Scientific classification
- Kingdom: Animalia
- Phylum: Chordata
- Class: Reptilia
- Clade: Dinosauria
- Clade: Saurischia
- Clade: Theropoda
- Clade: Avialae
- Clade: †Enantiornithes
- Order: †Alexornithiformes Brodkorb, 1976
- Family: †Alexornithidae Brodkorb, 1976
- Genus: †Alexornis Brodkorb, 1976
- Species: †A. antecedens
- Binomial name: †Alexornis antecedens Brodkorb, 1976

= Alexornis =

- Genus: Alexornis
- Species: antecedens
- Authority: Brodkorb, 1976
- Parent authority: Brodkorb, 1976

Extinct genus of birds

Alexornis is an extinct genus of enantiornithine birds from the Late Cretaceous aged La Bocana Roja Formation of Baja California, Mexico. The type and only known species is Alexornis antecedens. The scientific name as a whole means "Alex's ancestral bird"; Alexornis from the given name of ornithologist Alexander Wetmore + Ancient Greek ornis, "bird", and antecedens, Latin for "going before" or "ancestral".

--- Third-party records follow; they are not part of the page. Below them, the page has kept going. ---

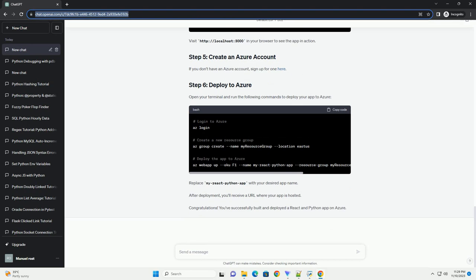Create a new directory for your Python back-end. Initialize a virtual environment and install Flask. Create a simple Flask app, app.py.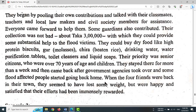When the four friends returned, they seemed to have lost some weight, but were happy and satisfied that their efforts had been immensely rewarded.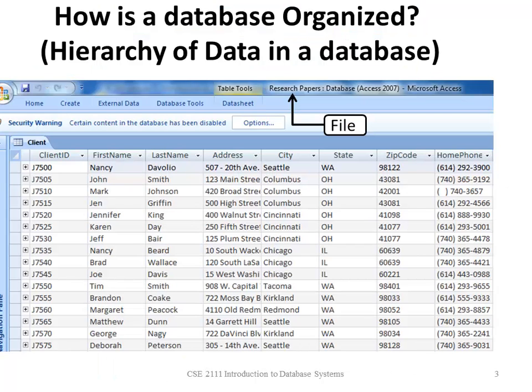Now I'm going to show you how the database is organized or the hierarchy of data in a database using form view in Access. Again, a database is made up of one or more files. The file here is called research papers.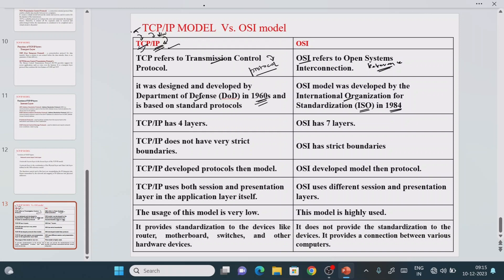OSI has a standard architecture consisting of seven layers: application layer, presentation layer, session layer, transport layer, network layer, data link layer, and physical layer. Different manufacturers may follow different architectures — some use a five-layer model, some use a four-layer model. You can search on Google to see how companies like Cisco use either a four-layer or five-layer model.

A. antecedens is known only from a single fragmentary skeleton including shoulder, wing, and leg bones, but lacking a skull. It was about the size of a sparrow, weighing only about 35.6 g. The specimen was discovered in 1971 and formally described in 1976 by Pierce Brodkorb. Brodkorb considered the species to be similar to some modern birds, and at the time, recognized it as one of the few known Cretaceous "land birds" after Gobipteryx minuta, as most other Cretaceous birds at the time were thought to be aquatic or semi-aquatic.

==Classification==
Alexornis was originally described as an early member of the modern bird group and, more specifically, as a possible ancestor of the orders Coraciiformes (kingfishers and relatives) and Piciformes (woodpeckers and relatives). However, when the first recognized enantiornithine fossils were discovered, it soon became clear that Alexornis was an additional member of this group. Enantiornithes are characterized by a reversed articulation of the scapula and coracoid bones in the shoulder, and in 1983 Larry Martin showed that Brodkorb has accidentally switched these two bones in his original description, confused by their reversed anatomy.

In the past, Alexornis has been allied with the similarly sized Central Asian genus Kizylkumavis, based on characteristics which are known to unite them with other Cretaceous birds in the group Enantornithes. Evgeny Kurochkin argued in 1996 that Alexornis formed a natural group, the Alexornithidae, with Kizylkumavis and a second type of central Asian bird, Sazavis. Among the enantiornithes, Alexornis shares many similarities of its skeletal anatomy with South American birds from about the same time period, including Martinavis and Elbretornis, and is united with them in the group Euenantiornithes.